The whole issue of commercial avoidance strikes me as not getting nearly enough attention these days. A few panel members were candid with me. Some anonymous comments were: “I am two years from retirement. Why should I bring this up with my clients? It is a lose-lose for all of us. Where would I put the money? We can’t shift much more to social media now. I still can’t prove that it works well. TV is a security blanket for many of our clients. Off the record, I think that you are correct about the gravity of this issue, but I am not going to stir the pot.”
Another said, “We are very busy and understaffed right now. I am not about to address your theoretical issue with my management or clients.”
I understand but I do not think that the issue is theoretical. Rather it is a cancer that is growing each day.
Why are people not facing up to commercial avoidance? There are many reasons but I believe one of the biggest is that my panel member is right when she says that people are busy. When people are busy they focus and focus hard on the issue that is directly in front of them. If you do that, you sometimes miss some big things.
A few years ago, Christopher Chabris and Daniel Simons published a book called THE INVISIBLE GORILLA. It is a fascinating look about how intense focusing can make people blind to the obvious. They actually made a brief film that made the point brilliantly. The movie short had two teams passing basketballs back and forth. One team had white shirts on while the other wore black. Viewers were asked to count the number of passes by the white shirted players but to ignore the black. Doing the task was completely absorbing. After a few minutes, a lady wearing a gorilla suit appeared, crossed the basketball court, beat her chest like a good gorilla, and then exited. Thousand of people have seen the video but usually more than half do not notice the “gorilla”. The task of counting the passes and ignoring the black shirted players absorbs all of the attention and blinds them to the intrusive stimulus. The Nobel Prize winning Behavioral Economist Daniel Kahneman writes that the gorilla study illustrates that “we can be blind to the obvious and we are also blind to our blindness”.

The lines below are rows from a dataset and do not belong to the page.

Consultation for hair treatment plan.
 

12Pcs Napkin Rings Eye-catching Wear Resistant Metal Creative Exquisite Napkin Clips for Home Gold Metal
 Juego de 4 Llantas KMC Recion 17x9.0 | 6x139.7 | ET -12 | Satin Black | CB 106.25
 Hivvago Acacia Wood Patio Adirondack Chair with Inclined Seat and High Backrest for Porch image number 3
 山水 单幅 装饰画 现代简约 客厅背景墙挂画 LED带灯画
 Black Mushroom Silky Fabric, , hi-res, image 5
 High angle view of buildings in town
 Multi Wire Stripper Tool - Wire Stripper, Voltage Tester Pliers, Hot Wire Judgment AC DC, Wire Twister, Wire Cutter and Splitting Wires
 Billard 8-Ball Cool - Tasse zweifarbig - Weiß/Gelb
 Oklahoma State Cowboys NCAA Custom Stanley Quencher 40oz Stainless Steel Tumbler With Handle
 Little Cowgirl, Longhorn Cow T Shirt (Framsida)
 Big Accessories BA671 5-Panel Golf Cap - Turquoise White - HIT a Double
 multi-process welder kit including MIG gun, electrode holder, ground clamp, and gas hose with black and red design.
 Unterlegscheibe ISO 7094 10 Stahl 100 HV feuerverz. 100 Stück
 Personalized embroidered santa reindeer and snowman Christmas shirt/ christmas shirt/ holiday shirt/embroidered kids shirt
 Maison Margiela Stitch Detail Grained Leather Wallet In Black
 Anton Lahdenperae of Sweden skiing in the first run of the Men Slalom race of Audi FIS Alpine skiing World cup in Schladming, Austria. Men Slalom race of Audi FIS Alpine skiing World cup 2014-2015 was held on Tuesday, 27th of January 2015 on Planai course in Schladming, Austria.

The gorilla study to me is a very nice analogy for what is happening with commercial avoidance. The gorilla is crossing your screen daily and getting bigger and staying longer. But, media and marketing professionals are often so intent on the task in front of them that they are simply not seeing it. And, some, as Kahneman puts it, are actually “blind to our blindness.”
Television’s effectiveness as an advertising medium will not die overnight. But it is losing ground each month and too many are not preparing for the future by hedging their bets and testing alternatives. The gorilla is now 800 pounds. In three more years, he well may be a 1200-pound specimen. Regardless of how busy you are—admit to the problem and start looking at new platforms NOW.